In the end, not one single substantial improvement in relations will emerge. India and Pakistan will continue to spend vast sums of money on their military rivalry. The uprising in Kashmir will continue, and we will continue to accuse Pakistan of waging a proxy war. Everything will go back to abnormal.

This is because the Indian public will not allow Vajpayee to budge one iota on the fundamental sticking point of India-Pakistan disagreement. It will not allow him to say that Kashmir can have self-determination.

Pakistani Foreign Minister Sartaz Aziz has clearly warned that "Pakistani public opinion cannot indefinitely sustain a dialogue process that does not record substantive progress on the core issue of Kashmir". That is, unless India makes real concessions on Kashmir, there will be no progress in friendly relations.

Nothing. Zilch. Nada. There may be a bus service or two; there may be some photo-opportunities for the two Prime Ministers. But, unless the Pakistani public sees progress on Kashmir, any Pakistani Prime Minister who gets too friendly with India is going to eat dust at the polls. And Nawaz Sharif knows it.

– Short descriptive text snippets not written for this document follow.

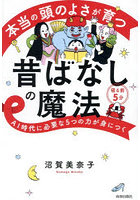 本当の頭のよさが育つ昔ばなしの魔法 AI時代に必要な5つの力が身につく 寝る前5分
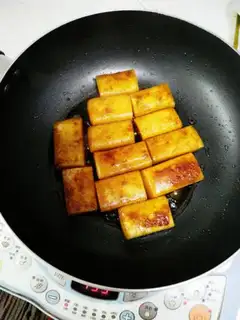 Make Fried butter cake step 5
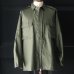 画像16: DEAD STOCK / Croatian Army BDU Jacket（クロアチア軍 BDU ジャケット）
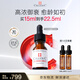 CELLEX-C仙麗施17.5%高濃原型vc精華液15ml緊致淡紋左旋vc美白抗皺護膚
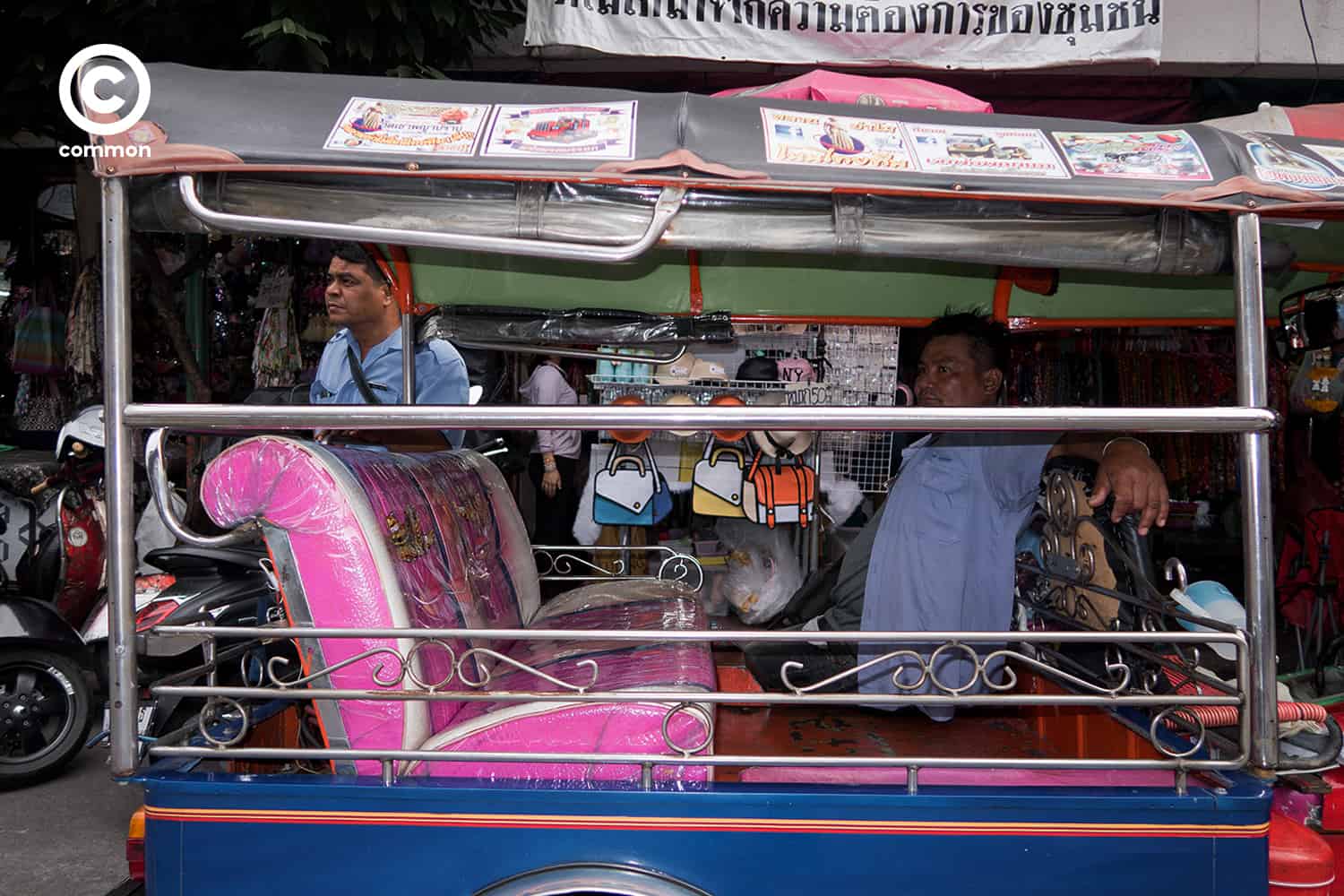 #photoessay #culture #ตุ๊กตุ๊ก #กันขโมย #ที่กันขโมย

The only people who don't seem to know it are the Indians, the ones on the Bus To Pakistan.

It is easy to see why Indians are so excited about the possibility of rapprochement with Pakistan. We are losing so much by this rivalry, and we have so much to gain by jettisoning it. According to the International Defense Review, the Indian government is spending half a million dollars *every day* on the Siachen glacier operations alone. The total amount we are spending on military preparedness on the Pakistan border, plus internal security duty in Kashmir, boggles the mind. Army Chief of Staff Malik confirmed this month that almost one-quarter of the Indian Army (250,000 men) is on internal security duty; and that doesn't count the ones facing off against Pakistan on the border. This tremendous military expenditure impoverishes us and takes away money that could be spent on education, healthcare and infrastructure; nor does it do anything to improve our image in the world.

The problem is that we are fooling ourselves. We refuse to face the facts: either we maintain our uncompromising stance on Kashmir, or we make peace with Pakistan. We cannot have both. "Talks" with Pakistan are just so much babble if all we do is repeat the same things we have been saying for twenty years.

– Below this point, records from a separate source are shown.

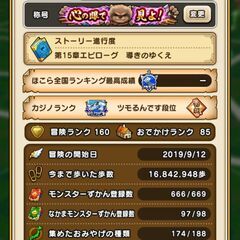 ドラクエウォーク仲間募集
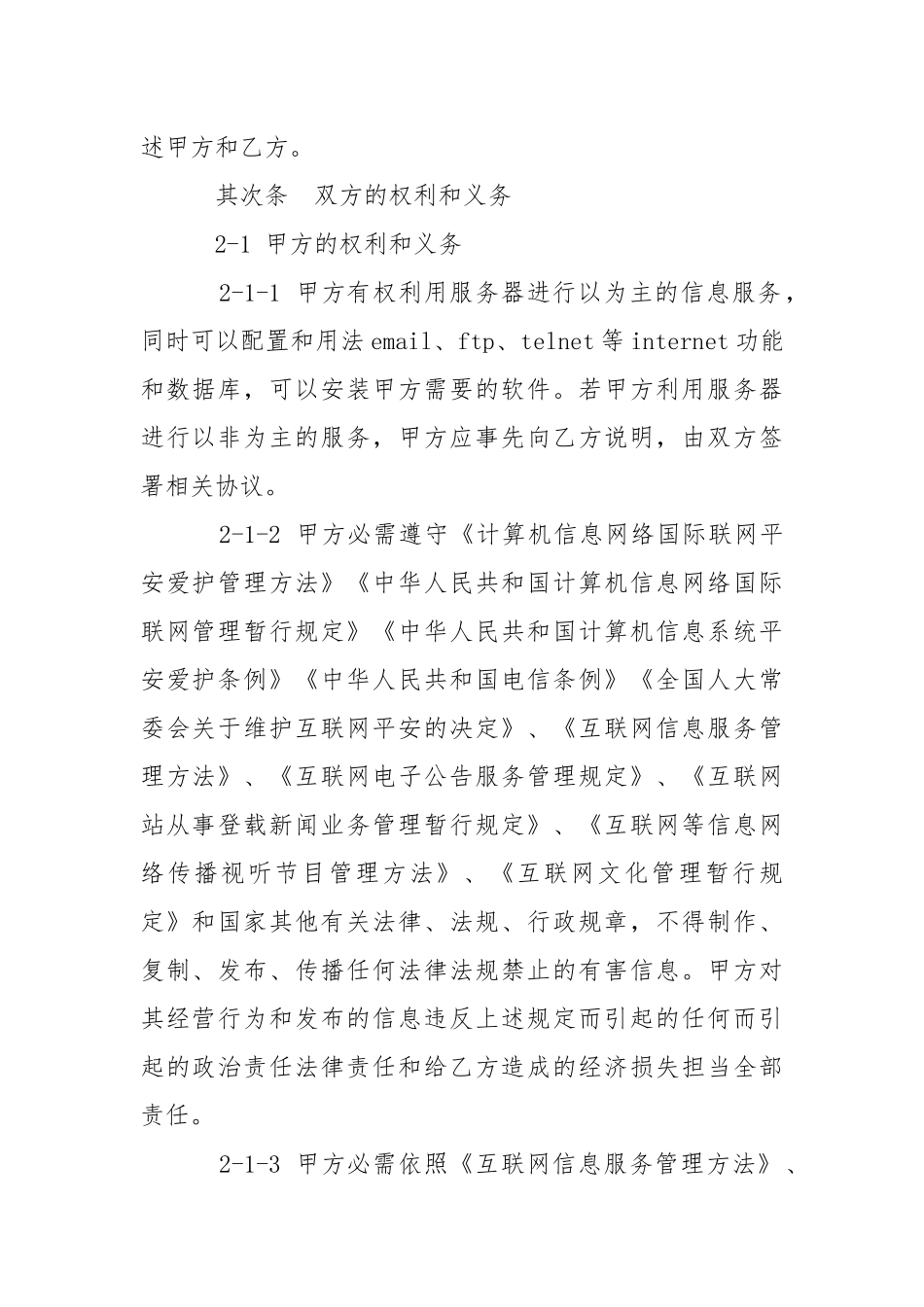 服务器租用合同（二）.docx_第2页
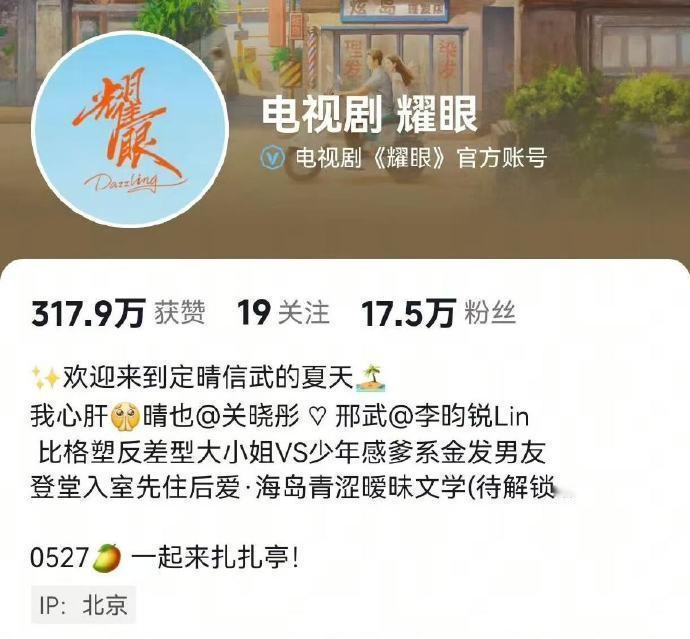 电视剧耀眼定档527耀眼播出时间定档527电视剧《耀眼》正式定档5月27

The ball is in India's court. We have, basically, two options.

1. We can choose to maintain the status quo. In this scenario, we continue to claim Kashmir as an integral part of India, accuse Pakistan of waging a proxy war, and try to use the army to beat the Kashmiris into submission. We continue to spend vast sums of money on this strategy, and we continue to look like fools. Pakistan is angry with us, the Kashmiris hate us, and south Asia continues to be a world centre of idiocy and human misery.

2. We can choose to fundamentally re-examine our policy in terms of our own interests. In this scenario, we make whatever concessions are necessary to arrive at a political solution to Kashmir -- even if it involves making parts of Kashmir independent or handing them over to Pakistan -- and sign military agreements (or even alliances) with Pakistan that end the subcontinental arms race. India and Pakistan begin trading freely, stop spending their money on a sterile rivalry, and south Asia begins to claw its way out of poverty.

Unfortunately, it looks like India's choice remains the first option.

In the 1960s, men of the stature and vision of Jayaprakash Narayan, C. Rajagopalachari, and Minoo Masani tried to change that, and failed. We have no one of their stature or their vision today.

And that is why the hype over Vajpayee's trip to Lahore will remain just that: hype.